Cet écueil potentiel d’entraver plus que de raison l’activité économique était un point sur lequel le Français s’était déjà montré attentif lors du second semestre dernier durant la phase de hausse des taux d’intérêt directeurs.
Libre choix monétaire
Dans la période à venir de moindre restriction monétaire, le patron de la Banque de France a avancé que la dépendance aux données sera encore de mise et que la ‘forward guidance’ ne fera pas son retour. Cette dernière fut mobilisée intensément par les Banques centrales depuis la crise financière mondiale, et consiste à communiquer aux agents économiques une esquisse de la trajectoire future de la politique monétaire (le plus fréquemment conditionnée à la situation économique) pour accroître l’influence des instituts d’émission sur les conditions de financement. Incertitude oblige, les banquiers centraux s’en sont détournés, il y a peu, entre autres pour ne pas se lier les mains.
“Nous aurons non pas un mais trois degrés de liberté : le calendrier de la première baisse de taux, bien sûr, mais aussi le rythme de l’assouplissement ensuite, et enfin le niveau jusqu’auquel nos taux d’intérêt baisseront”, a précisé François Villeroy de Galhau, qui a soutenu que "le fait de disposer de ces trois degrés de liberté successifs peut être un argument de plus pour ne pas différer exagérément la première baisse". Il a ajouté qu'"il ne s’agit pas de se précipiter ; mais agir avec gradualisme et pragmatisme peut être préférable à décider trop tardivement et devoir ensuite surajuster".
Vers le taux neutre ?
L’étiage final qu’atteindra le taux d’intérêt de la facilité de dépôt (le taux directeur de la BCE le plus important dans une ère de fort excédent de liquidité) sera un sujet très débattu au cours des trimestres à venir. Beaucoup considèrent que l’institution de Francfort l’ajustera au niveau du "taux d’intérêt neutre", c’est-à-dire le niveau où la politique monétaire n’a ni d’effet accommodant, ni d’effet restrictif sur l’économie.
Où se situe-t-il ? "Nous l’estimons en termes réels autour de 0 %, voire faiblement positif. Si on ajoute une inflation à 2 %, cela signifie un taux nominal neutre autour de 2 % ou légèrement supérieur. Ce n’est pas pour autant notre cible obligée dans le prochain mouvement de baisse. Ceci veut dire simplement que, par rapport au niveau actuel de 4 %, nous avons une marge significative de baisse sans pour autant revenir à une politique monétaire accommodante", a indiqué François Villeroy de Galhau.
Intervalle large
Le niveau de cette variable n’est pas à la main des banquiers centraux (il n’a fait que dégringoler depuis plusieurs décennies) et dépend des forces qui meuvent épargne et investissement.

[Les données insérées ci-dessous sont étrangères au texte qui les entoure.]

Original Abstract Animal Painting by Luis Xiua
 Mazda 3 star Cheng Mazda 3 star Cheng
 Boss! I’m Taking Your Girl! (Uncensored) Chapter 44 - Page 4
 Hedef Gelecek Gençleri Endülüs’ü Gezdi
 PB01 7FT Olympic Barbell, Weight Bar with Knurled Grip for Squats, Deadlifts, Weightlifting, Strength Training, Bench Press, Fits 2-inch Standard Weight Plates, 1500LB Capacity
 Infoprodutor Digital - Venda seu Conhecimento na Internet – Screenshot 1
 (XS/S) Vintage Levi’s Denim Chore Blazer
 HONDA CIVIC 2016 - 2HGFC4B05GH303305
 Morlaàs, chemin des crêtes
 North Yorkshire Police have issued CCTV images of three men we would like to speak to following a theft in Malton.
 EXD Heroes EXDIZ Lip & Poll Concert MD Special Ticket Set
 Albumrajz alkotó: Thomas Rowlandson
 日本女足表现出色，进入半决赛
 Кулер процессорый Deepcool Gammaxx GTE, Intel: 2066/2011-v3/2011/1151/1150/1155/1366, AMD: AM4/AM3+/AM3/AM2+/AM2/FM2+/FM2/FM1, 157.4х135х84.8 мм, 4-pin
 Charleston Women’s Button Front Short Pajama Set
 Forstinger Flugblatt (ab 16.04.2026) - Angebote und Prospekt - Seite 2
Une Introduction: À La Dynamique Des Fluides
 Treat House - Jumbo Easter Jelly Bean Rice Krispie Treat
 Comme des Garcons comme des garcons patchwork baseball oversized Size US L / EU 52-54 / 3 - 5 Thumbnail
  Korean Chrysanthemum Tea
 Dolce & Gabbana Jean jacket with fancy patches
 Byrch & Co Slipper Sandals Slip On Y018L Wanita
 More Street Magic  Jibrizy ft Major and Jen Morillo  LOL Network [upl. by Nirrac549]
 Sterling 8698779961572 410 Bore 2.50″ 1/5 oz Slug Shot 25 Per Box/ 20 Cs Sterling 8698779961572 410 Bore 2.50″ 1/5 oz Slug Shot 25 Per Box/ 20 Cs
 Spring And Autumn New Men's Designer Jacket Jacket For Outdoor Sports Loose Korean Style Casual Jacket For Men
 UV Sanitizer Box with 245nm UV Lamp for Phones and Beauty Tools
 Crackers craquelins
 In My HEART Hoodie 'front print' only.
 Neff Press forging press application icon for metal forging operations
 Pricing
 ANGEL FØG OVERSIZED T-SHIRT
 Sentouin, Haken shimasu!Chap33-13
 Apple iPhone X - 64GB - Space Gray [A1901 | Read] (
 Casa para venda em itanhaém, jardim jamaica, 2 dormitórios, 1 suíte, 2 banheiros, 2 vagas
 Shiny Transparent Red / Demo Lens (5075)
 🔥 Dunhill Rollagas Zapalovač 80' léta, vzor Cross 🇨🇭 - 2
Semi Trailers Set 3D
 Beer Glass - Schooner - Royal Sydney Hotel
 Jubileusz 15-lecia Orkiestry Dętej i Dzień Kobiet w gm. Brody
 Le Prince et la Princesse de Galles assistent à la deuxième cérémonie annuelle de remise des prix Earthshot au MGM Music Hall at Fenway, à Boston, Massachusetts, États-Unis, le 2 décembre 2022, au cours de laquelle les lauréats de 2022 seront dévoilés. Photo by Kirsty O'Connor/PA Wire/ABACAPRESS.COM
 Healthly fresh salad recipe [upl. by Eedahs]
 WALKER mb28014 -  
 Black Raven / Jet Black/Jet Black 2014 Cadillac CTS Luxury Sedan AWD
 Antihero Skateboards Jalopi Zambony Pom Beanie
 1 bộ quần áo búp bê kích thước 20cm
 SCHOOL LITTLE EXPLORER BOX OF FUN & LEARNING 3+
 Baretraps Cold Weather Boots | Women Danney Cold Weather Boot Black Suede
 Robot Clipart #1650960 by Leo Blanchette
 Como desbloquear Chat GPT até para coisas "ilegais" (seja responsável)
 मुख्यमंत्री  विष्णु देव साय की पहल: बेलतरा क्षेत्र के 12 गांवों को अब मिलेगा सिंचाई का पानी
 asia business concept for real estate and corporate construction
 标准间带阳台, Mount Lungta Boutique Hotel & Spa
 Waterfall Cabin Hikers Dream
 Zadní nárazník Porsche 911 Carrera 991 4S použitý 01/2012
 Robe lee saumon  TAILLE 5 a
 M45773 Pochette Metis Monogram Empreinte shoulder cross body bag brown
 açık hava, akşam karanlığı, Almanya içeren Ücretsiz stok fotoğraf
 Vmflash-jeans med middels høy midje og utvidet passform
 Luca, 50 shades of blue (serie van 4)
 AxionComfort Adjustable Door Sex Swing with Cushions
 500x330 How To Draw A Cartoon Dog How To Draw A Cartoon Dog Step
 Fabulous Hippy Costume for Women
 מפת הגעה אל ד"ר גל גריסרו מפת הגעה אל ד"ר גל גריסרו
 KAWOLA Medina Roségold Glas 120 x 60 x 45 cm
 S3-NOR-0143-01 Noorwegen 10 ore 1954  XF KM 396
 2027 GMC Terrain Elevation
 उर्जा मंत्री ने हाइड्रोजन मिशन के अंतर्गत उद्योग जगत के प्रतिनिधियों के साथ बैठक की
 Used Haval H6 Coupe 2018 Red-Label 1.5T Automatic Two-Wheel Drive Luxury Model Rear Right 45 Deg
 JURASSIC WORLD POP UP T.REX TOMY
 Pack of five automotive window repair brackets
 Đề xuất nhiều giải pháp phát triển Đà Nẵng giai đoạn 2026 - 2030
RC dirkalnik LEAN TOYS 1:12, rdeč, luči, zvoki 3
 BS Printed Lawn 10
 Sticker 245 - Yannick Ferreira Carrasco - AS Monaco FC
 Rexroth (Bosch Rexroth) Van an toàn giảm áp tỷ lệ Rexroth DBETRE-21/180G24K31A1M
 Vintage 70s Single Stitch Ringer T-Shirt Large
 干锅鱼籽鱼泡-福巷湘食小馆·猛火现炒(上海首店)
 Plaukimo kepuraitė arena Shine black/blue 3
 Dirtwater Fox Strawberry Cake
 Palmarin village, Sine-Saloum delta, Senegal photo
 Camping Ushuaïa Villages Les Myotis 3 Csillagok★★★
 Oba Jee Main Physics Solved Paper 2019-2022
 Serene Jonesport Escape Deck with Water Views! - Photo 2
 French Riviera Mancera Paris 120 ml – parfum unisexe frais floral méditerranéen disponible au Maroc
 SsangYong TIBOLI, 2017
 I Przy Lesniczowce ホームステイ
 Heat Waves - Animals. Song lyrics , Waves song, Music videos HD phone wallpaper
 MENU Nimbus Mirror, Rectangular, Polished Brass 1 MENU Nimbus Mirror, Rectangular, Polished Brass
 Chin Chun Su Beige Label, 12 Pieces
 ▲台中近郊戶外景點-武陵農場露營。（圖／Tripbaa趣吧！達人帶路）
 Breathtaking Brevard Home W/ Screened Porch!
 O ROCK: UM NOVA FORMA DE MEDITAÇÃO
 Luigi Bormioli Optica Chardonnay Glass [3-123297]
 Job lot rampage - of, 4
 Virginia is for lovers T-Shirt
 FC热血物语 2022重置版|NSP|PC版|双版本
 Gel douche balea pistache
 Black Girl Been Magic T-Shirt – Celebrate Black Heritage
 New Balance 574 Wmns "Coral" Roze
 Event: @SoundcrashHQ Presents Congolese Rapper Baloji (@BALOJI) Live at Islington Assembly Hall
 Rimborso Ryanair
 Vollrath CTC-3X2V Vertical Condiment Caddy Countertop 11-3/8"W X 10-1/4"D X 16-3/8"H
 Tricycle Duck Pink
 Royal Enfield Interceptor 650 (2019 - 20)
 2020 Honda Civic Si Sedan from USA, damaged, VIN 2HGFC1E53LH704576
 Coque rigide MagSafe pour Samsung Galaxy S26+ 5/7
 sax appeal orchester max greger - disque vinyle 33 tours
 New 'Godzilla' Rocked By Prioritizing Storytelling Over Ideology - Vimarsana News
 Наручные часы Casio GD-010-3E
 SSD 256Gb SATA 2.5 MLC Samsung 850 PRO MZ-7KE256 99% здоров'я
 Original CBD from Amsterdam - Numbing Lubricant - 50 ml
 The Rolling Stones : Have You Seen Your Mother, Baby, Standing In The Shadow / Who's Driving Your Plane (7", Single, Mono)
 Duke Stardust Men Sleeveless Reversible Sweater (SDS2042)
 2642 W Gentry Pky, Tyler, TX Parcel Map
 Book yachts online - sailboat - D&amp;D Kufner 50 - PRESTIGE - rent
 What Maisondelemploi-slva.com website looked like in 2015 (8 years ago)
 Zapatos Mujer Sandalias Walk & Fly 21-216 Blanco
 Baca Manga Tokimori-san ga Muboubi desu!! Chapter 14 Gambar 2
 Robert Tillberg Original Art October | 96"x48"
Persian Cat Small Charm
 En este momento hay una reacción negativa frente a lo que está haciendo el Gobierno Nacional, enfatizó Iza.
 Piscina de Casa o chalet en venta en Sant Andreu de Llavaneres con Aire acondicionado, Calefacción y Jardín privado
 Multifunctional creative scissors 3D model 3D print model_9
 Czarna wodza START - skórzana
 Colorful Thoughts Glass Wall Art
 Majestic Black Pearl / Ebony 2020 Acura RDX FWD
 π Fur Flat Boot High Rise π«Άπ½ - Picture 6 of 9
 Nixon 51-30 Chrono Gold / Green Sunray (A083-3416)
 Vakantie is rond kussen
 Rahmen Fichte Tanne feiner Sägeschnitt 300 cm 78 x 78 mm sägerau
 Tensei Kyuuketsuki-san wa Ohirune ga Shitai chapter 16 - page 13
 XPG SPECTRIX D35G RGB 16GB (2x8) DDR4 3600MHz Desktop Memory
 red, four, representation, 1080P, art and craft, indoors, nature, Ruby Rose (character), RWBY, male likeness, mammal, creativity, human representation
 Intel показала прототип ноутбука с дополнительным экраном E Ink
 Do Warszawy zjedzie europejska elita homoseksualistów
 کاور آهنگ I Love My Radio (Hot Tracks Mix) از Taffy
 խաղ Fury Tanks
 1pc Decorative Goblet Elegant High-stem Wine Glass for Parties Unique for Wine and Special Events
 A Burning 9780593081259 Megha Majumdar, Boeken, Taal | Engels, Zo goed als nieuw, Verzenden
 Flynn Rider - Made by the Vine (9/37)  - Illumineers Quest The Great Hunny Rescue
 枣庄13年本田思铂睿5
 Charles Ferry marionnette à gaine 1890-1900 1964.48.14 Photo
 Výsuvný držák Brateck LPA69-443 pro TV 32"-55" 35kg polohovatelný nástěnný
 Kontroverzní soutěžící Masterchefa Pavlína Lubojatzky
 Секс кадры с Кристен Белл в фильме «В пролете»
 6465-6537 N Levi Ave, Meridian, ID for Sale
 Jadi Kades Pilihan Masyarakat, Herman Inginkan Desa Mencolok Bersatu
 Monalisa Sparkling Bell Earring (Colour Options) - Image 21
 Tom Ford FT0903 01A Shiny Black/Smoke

Elle est ainsi le produit, notamment, du taux de croissance structurel de la productivité, du vieillissement démographique, des inégalités ou encore du niveau de la dette publique et de la réglementation financière.
D’après une nouvelle étude de la BCE menée par Claus Brand, Noëmie Lisack et Falk Mazelis, le taux d’intérêt neutre a grimpé de 30 points de base depuis la mi-2019, l’estimation médiane le juge proche de 0 %. Plusieurs types de modèles ont été mobilisés par les trois chercheurs et ils donnent des chiffres compris entre -0,75 et 0,5 % en termes réels.